▶ Data provided:
▬▬▬▬▬▬
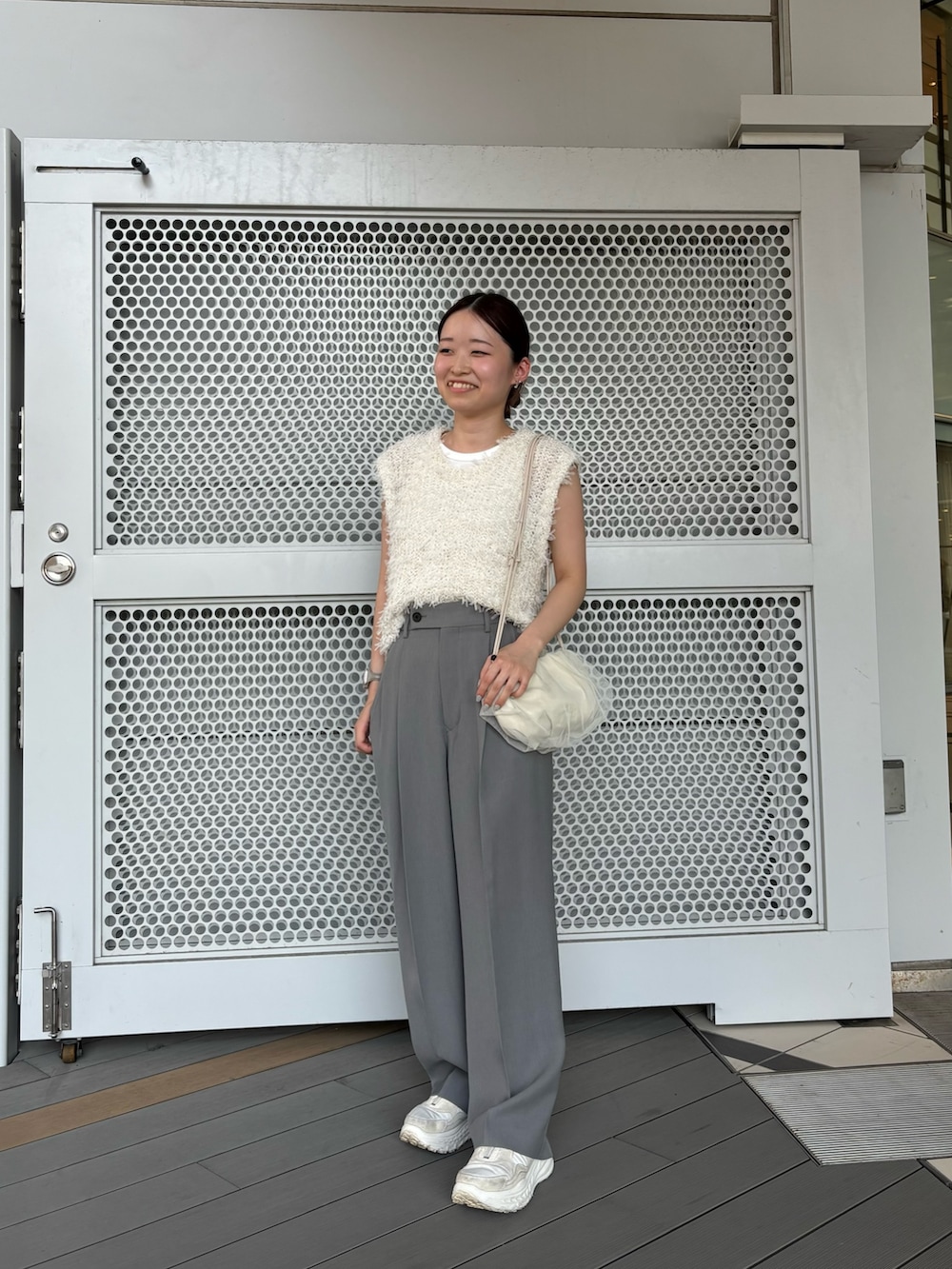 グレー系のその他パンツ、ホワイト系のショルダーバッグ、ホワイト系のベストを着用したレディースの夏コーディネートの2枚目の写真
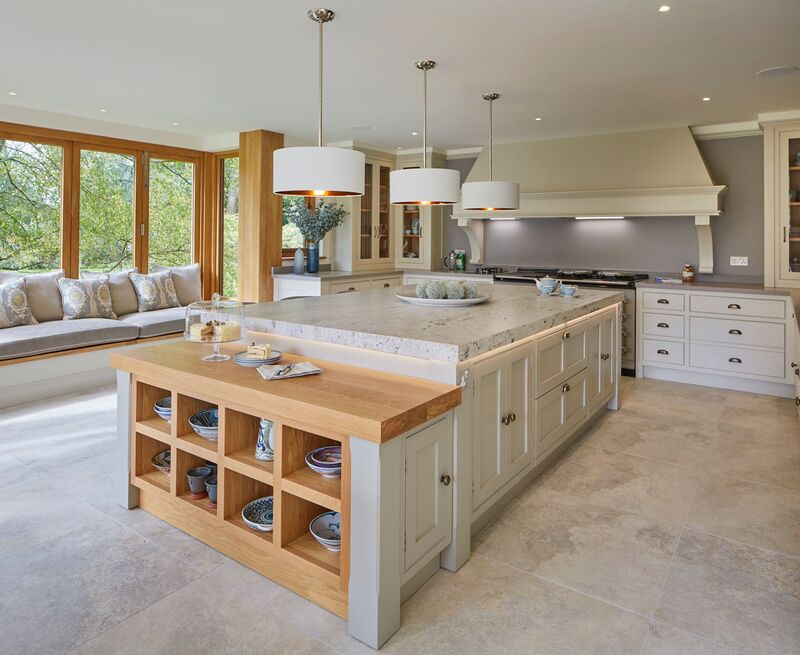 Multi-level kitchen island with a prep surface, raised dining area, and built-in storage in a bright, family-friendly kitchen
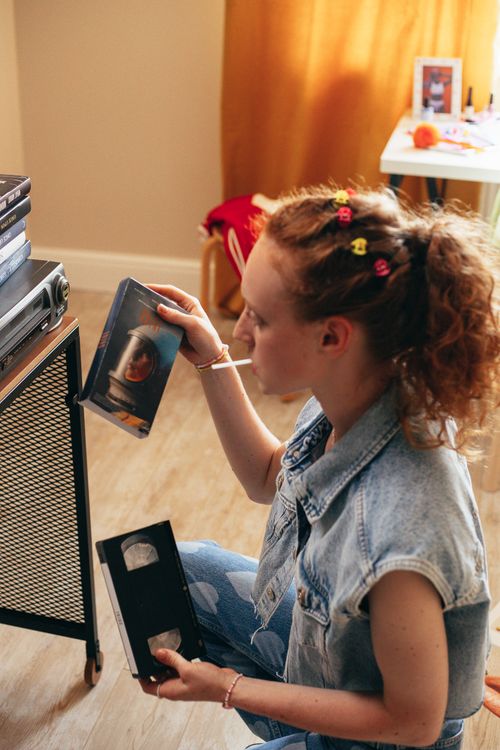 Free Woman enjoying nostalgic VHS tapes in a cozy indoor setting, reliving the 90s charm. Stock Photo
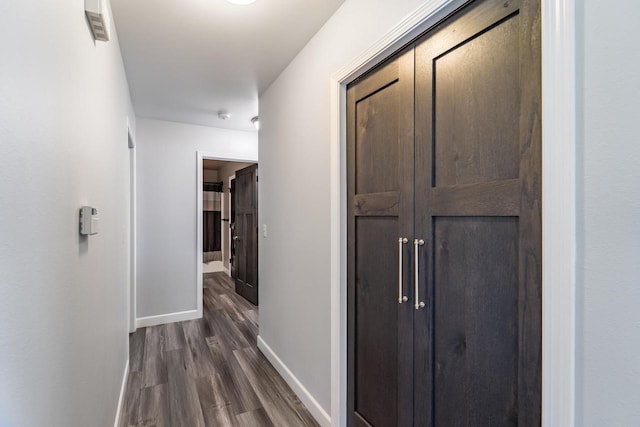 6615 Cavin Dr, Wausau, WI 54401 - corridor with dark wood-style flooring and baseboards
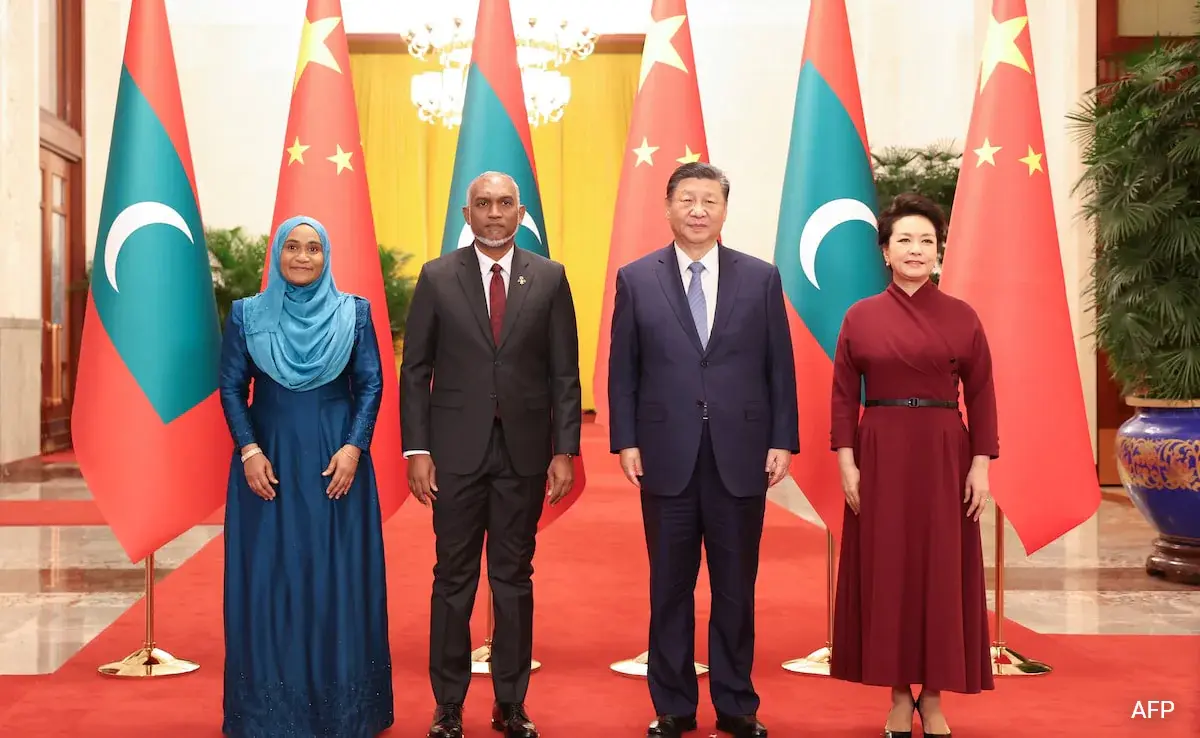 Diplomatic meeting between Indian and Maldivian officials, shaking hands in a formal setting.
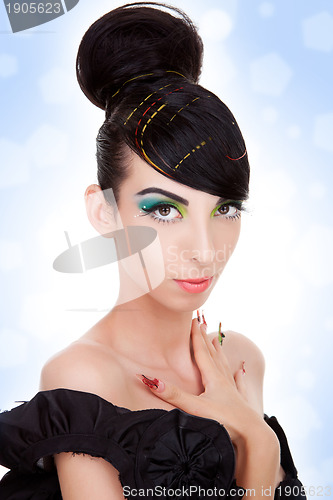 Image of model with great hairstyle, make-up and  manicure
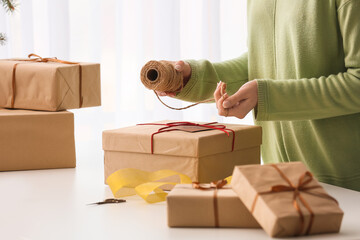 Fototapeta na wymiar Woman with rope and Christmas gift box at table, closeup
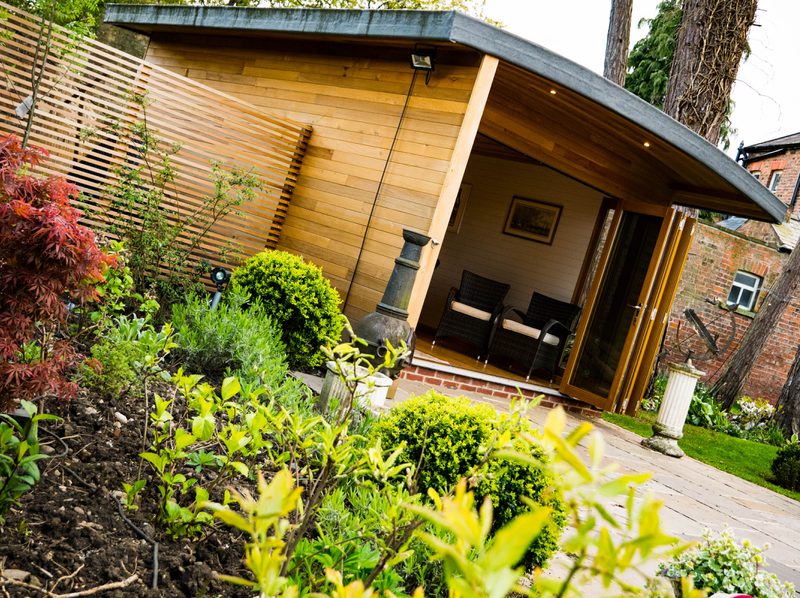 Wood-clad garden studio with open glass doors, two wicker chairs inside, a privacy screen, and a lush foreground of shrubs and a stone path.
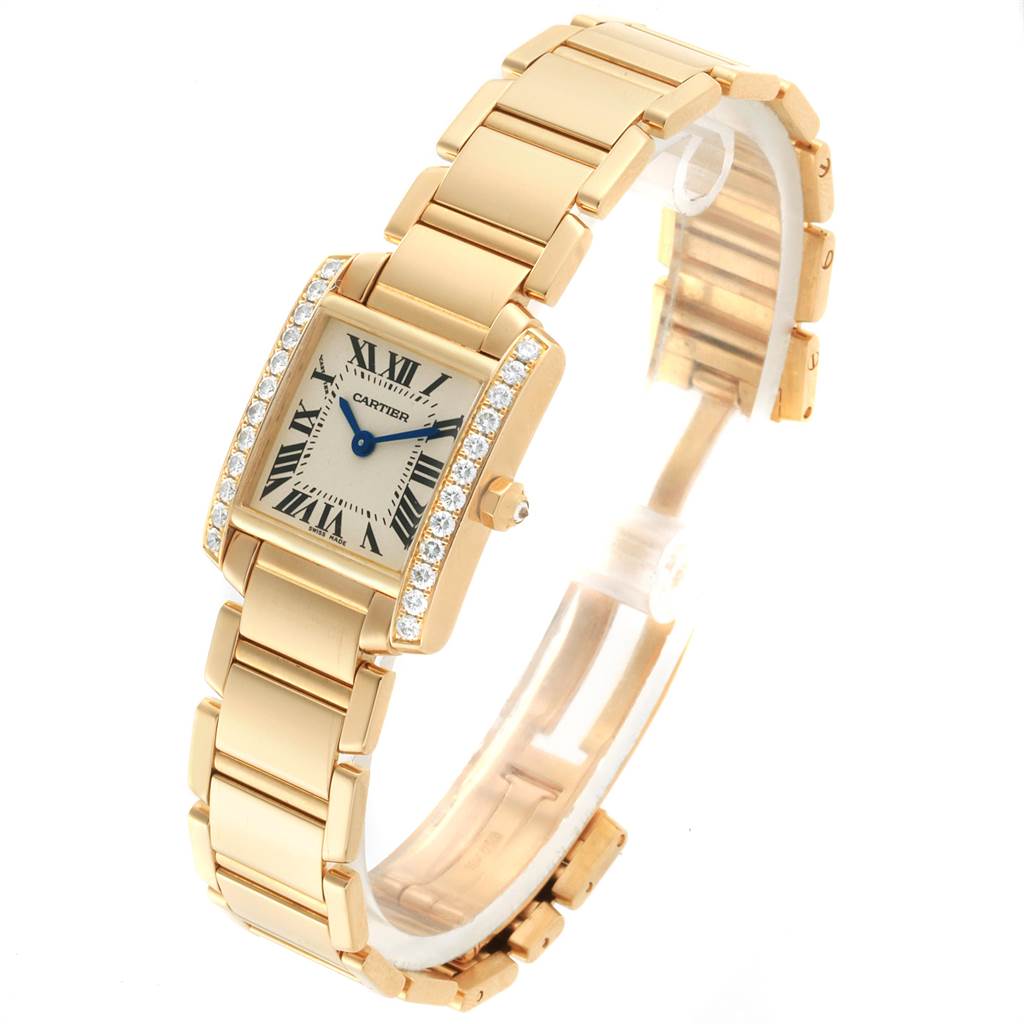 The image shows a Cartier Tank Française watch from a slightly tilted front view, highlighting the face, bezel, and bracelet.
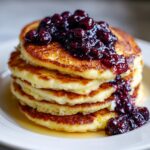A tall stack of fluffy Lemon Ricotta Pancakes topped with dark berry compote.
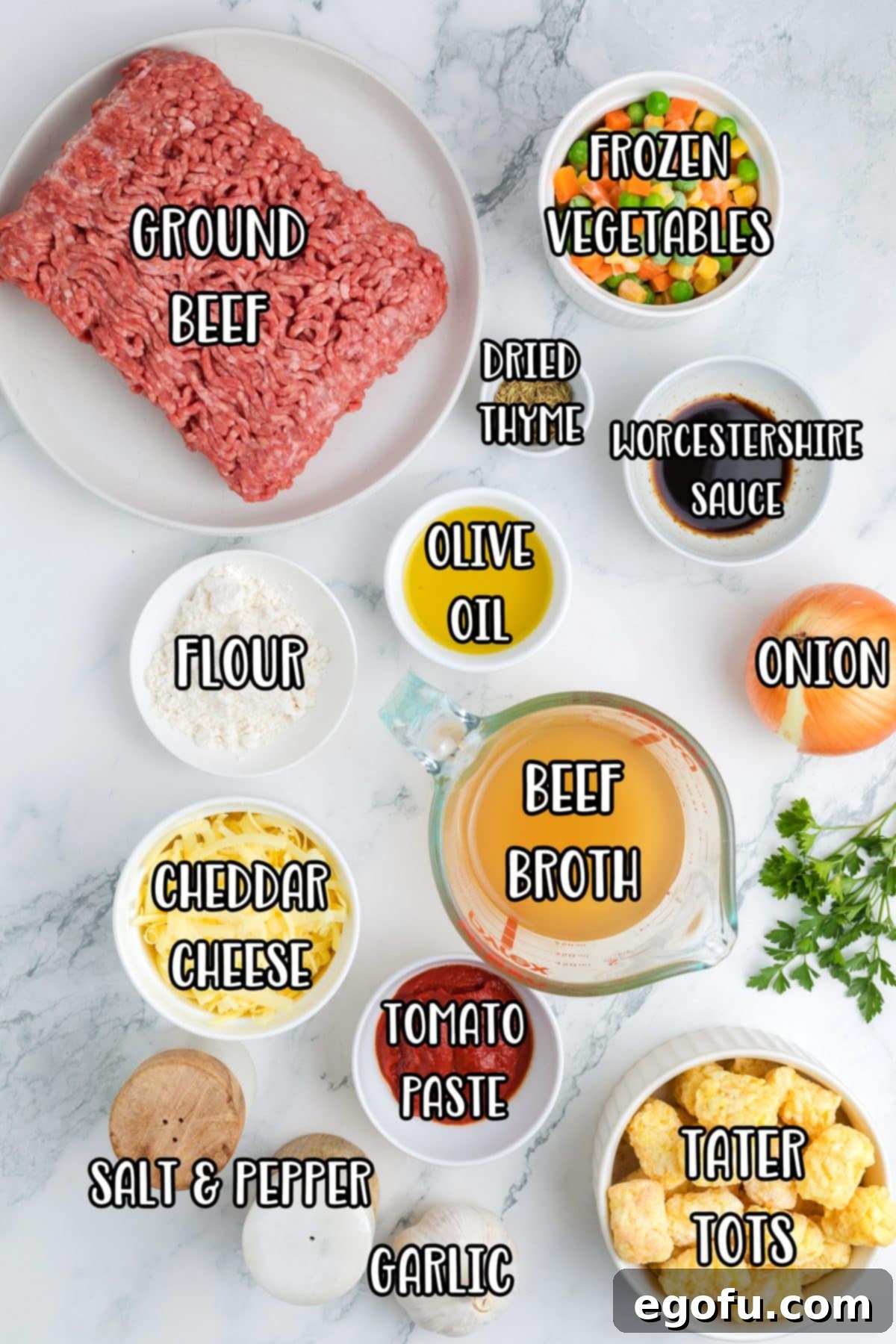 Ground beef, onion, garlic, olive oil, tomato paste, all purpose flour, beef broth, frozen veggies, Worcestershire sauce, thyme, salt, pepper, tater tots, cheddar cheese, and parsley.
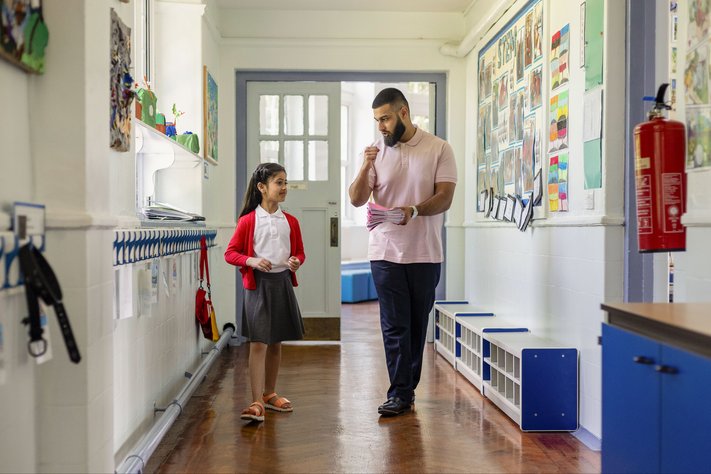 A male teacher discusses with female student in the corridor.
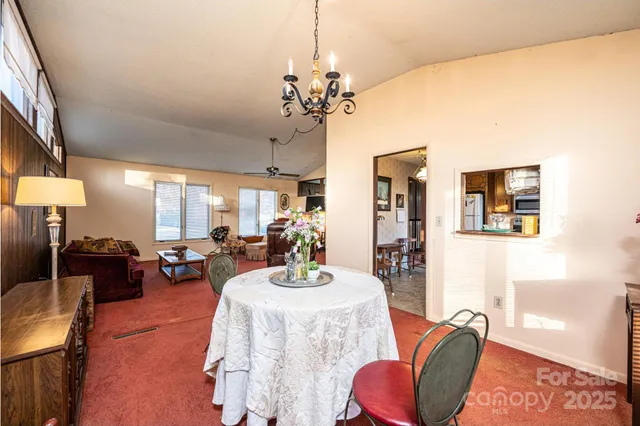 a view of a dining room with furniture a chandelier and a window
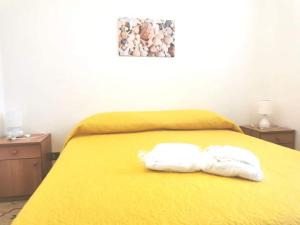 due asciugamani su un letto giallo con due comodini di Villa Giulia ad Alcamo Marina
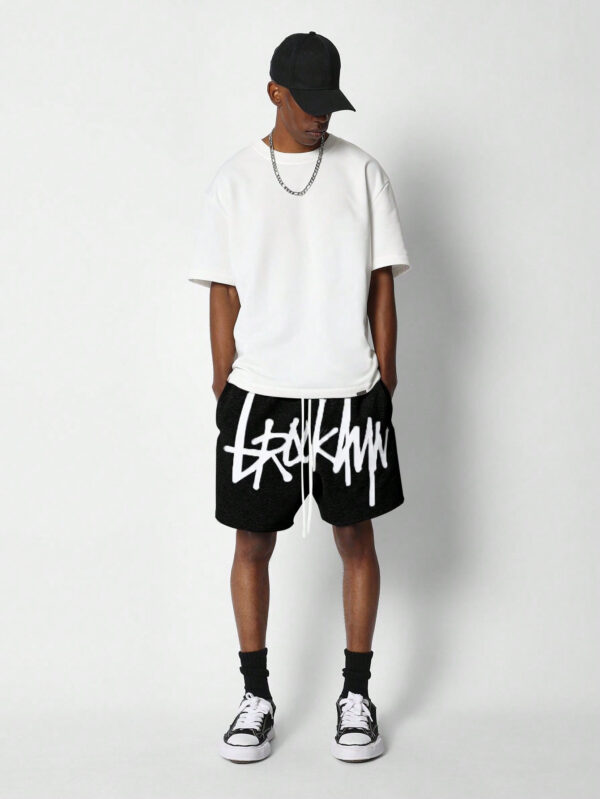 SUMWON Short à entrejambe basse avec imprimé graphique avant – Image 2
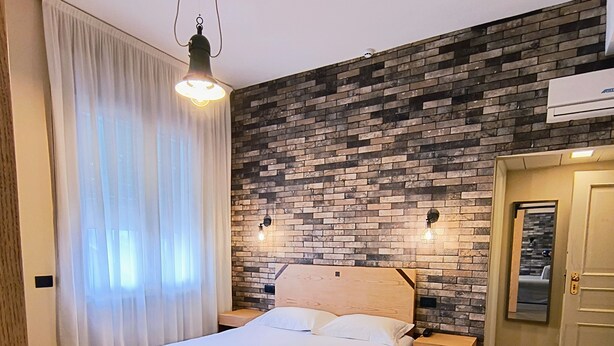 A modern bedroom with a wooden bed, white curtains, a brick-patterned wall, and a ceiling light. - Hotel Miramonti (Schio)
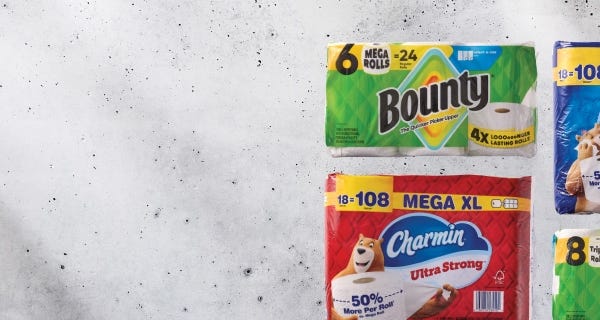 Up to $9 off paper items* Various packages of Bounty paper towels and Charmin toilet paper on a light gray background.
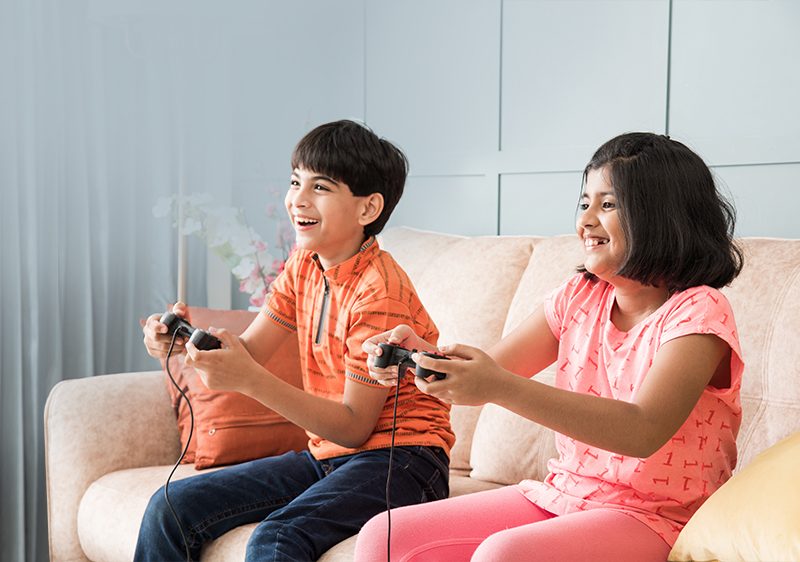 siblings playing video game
▬▬▬▬▬▬
▶ Requirement: From the first line to the last, repeat the data above exactly and leave the pictures out.

▶ Output of the task:
 グレー系のその他パンツ、ホワイト系のショルダーバッグ、ホワイト系のベストを着用したレディースの夏コーディネートの2枚目の写真
 Multi-level kitchen island with a prep surface, raised dining area, and built-in storage in a bright, family-friendly kitchen
 Free Woman enjoying nostalgic VHS tapes in a cozy indoor setting, reliving the 90s charm. Stock Photo
 6615 Cavin Dr, Wausau, WI 54401 - corridor with dark wood-style flooring and baseboards
 Diplomatic meeting between Indian and Maldivian officials, shaking hands in a formal setting.
 Image of model with great hairstyle, make-up and  manicure
 Fototapeta na wymiar Woman with rope and Christmas gift box at table, closeup
 Wood-clad garden studio with open glass doors, two wicker chairs inside, a privacy screen, and a lush foreground of shrubs and a stone path.
 The image shows a Cartier Tank Française watch from a slightly tilted front view, highlighting the face, bezel, and bracelet.
A tall stack of fluffy Lemon Ricotta Pancakes topped with dark berry compote.
 Ground beef, onion, garlic, olive oil, tomato paste, all purpose flour, beef broth, frozen veggies, Worcestershire sauce, thyme, salt, pepper, tater tots, cheddar cheese, and parsley.
 A male teacher discusses with female student in the corridor.
 a view of a dining room with furniture a chandelier and a window
 due asciugamani su un letto giallo con due comodini di Villa Giulia ad Alcamo Marina
 SUMWON Short à entrejambe basse avec imprimé graphique avant – Image 2
 A modern bedroom with a wooden bed, white curtains, a brick-patterned wall, and a ceiling light. - Hotel Miramonti (Schio)
 Up to $9 off paper items* Various packages of Bounty paper towels and Charmin toilet paper on a light gray background.
 siblings playing video game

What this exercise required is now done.